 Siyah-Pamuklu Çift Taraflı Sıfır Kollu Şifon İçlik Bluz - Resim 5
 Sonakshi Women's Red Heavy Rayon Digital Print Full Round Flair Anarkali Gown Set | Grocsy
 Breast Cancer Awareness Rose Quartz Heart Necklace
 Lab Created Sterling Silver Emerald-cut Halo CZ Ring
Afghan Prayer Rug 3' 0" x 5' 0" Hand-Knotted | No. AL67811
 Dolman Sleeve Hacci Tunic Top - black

--

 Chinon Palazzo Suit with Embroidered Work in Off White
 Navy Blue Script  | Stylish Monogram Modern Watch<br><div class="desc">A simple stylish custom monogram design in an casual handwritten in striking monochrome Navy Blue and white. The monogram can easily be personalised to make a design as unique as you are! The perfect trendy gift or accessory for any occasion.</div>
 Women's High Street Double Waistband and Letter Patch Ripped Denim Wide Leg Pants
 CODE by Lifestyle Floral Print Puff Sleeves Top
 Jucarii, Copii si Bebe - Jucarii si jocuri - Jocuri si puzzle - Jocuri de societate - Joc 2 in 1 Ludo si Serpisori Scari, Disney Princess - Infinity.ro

## Exercise description
In the entries above, find the line holding "Siyah-Pamuklu Çift Taraflı" and the line holding "Dolman Sleeve Hacci Tunic Top - black"; print both of them and every line between, exactly, and nothing else.

## Solved problem
 Siyah-Pamuklu Çift Taraflı Sıfır Kollu Şifon İçlik Bluz - Resim 5
 Sonakshi Women's Red Heavy Rayon Digital Print Full Round Flair Anarkali Gown Set | Grocsy
 Breast Cancer Awareness Rose Quartz Heart Necklace
 Lab Created Sterling Silver Emerald-cut Halo CZ Ring
Afghan Prayer Rug 3' 0" x 5' 0" Hand-Knotted | No. AL67811
 Dolman Sleeve Hacci Tunic Top - black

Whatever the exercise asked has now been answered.